There are 16000 committees, each with 80 people. So there are 1280000 different committee members across all the committees. Since there are only 1600 people, and 1280000 memberships, at least one committee member (call him Bob) is in at least 800 committees. (Bob's an overachiever).

Now, as is classic, we'll finish with contradiction. Suppose that no pair of committees have four common members, and thus have at most 3. Look at the 800+ committees that Bob is in. Aside from Bob, each of Bob's committees have at most 2 people in common.

So how many people must there be? In Bob's first committee, there are 79 more people.

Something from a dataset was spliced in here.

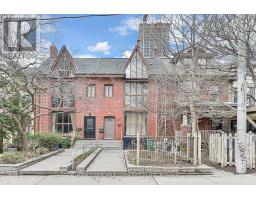 106A PEMBROKE STREET, Toronto, Ontario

In his second committee, there are at least 77 more people (since maybe 2 have already been counted). In his third, at least 75, and so on. By Bob's 40th committee, we claim there are at least $79 + 77 + 75 + \ldots + 1$ people, aside from Bob.

But $1 + 2 + 3 + \ldots + 79 = 80\cdot79/2 = 40\cdot79$, and $2 + 4 + 6 + \ldots + 78 = 2(1 + 2 + 3 + \ldots + 39) = 2(39\cdot40/2) = 39\cdot40$.

So $1 + 3 + 5 + \ldots + 79 = 40\cdot79 - 40\cdot39 = 40\cdot40 = 1600$, so there are at least 1600 people aside from Bob in Bob's committees! That's impossible, as there are only 1600 people! So we've reached our contradiction, and finished the proof. (And we see Bob only needed to be in 40 committees for this fallacy to hold, not 800).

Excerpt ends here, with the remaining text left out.